Aim of the exercise »
Copy out every line of the data where the word "hidden" is found.

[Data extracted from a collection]
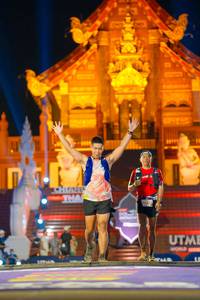 BIB: 
                            <button type="button" onclick="openModal(22568166)" class="btn btn-primary btn-sm float-right btn-popup" data-toggle="modal" data-target=".modal-high-quality">
                        <i class="fas fa-shopping-cart"></i> Add to Cart
                    </button>
                                            <button type="button" onclick="isThisMe(22568166, true)" class="btn btn-success btn-sm float-right btn-popup btn-isme hidden" data-toggle="tooltip" data-placement="bottom" title="นี่คือรูปของคุณใช่ไหม คลิกที่นี่เพื่อเอาเข้าอัลบั้ม">
                        <i class="fas fa-plus"></i> Add to album
                    </button>
                    <button type="button" onclick="isThisMe(22568166, false)" class="btn btn-warning btn-sm float-right btn-popup btn-isnotme hidden">
                        <i class="fas fa-ban"></i> Remove from album
                    </button>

Completed task »
                                            <button type="button" onclick="isThisMe(22568166, true)" class="btn btn-success btn-sm float-right btn-popup btn-isme hidden" data-toggle="tooltip" data-placement="bottom" title="นี่คือรูปของคุณใช่ไหม คลิกที่นี่เพื่อเอาเข้าอัลบั้ม">
                    <button type="button" onclick="isThisMe(22568166, false)" class="btn btn-warning btn-sm float-right btn-popup btn-isnotme hidden">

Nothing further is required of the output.